======== The data

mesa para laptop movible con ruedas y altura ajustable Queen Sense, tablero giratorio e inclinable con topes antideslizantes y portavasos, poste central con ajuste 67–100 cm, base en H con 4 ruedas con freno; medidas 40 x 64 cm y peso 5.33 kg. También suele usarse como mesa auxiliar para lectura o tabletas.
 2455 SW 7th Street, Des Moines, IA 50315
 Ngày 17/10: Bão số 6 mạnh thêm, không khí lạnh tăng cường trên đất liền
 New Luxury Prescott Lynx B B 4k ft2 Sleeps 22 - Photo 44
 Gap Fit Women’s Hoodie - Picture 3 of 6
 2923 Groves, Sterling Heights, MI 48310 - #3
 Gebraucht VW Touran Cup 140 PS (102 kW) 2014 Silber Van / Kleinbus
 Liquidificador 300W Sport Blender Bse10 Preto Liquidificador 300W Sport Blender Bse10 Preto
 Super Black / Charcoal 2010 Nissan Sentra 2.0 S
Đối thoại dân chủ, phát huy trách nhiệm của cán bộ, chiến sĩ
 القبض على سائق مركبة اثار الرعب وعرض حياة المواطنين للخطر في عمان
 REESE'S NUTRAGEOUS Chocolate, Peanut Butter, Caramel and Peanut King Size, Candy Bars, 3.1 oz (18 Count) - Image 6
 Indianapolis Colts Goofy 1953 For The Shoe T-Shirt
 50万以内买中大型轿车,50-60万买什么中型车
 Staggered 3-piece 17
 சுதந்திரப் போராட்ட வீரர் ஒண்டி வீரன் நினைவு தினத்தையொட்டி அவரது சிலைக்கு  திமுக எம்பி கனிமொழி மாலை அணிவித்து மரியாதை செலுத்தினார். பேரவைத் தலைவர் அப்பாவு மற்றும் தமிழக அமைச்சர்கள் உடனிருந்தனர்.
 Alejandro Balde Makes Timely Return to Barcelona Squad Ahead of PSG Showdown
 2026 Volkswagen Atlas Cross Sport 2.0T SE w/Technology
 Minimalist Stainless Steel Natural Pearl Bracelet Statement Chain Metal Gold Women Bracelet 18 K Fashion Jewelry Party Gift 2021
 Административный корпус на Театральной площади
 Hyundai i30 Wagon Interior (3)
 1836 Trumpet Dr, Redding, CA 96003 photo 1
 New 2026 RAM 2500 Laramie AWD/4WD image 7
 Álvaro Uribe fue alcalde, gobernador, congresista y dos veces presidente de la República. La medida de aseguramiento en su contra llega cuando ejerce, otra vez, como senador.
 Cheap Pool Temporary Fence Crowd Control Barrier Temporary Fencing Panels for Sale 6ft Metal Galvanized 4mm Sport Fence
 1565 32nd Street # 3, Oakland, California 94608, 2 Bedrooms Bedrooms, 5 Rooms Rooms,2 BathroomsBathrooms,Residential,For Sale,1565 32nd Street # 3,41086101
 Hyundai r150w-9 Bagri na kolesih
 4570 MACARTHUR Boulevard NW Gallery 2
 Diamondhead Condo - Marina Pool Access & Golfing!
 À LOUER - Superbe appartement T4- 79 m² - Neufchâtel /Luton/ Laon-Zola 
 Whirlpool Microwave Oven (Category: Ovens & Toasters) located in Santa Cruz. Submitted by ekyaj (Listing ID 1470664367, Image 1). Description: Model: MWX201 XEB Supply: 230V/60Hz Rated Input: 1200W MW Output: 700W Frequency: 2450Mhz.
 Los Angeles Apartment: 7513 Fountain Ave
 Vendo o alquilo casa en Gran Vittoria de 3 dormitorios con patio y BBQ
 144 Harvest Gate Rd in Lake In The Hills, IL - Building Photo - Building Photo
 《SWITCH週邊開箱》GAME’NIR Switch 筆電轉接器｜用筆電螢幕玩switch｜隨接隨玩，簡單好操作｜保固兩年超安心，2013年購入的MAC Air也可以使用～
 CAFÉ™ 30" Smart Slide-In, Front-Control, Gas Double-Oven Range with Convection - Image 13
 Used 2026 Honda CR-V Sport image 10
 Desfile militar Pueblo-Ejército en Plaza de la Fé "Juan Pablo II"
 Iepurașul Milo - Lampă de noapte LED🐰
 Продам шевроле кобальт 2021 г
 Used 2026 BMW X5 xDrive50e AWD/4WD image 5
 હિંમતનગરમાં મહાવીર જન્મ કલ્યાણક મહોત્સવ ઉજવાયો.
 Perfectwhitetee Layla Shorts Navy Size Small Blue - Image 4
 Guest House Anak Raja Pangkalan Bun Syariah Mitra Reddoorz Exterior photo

================

» Instructions to follow:
Every line above from the line with "Staggered 3-piece 17" to the line with "சுதந்திரப் போராட்ட வீரர்", inclusive, must be returned exactly; no other line belongs in the reply.

» Result:
 Staggered 3-piece 17
 சுதந்திரப் போராட்ட வீரர் ஒண்டி வீரன் நினைவு தினத்தையொட்டி அவரது சிலைக்கு  திமுக எம்பி கனிமொழி மாலை அணிவித்து மரியாதை செலுத்தினார். பேரவைத் தலைவர் அப்பாவு மற்றும் தமிழக அமைச்சர்கள் உடனிருந்தனர்.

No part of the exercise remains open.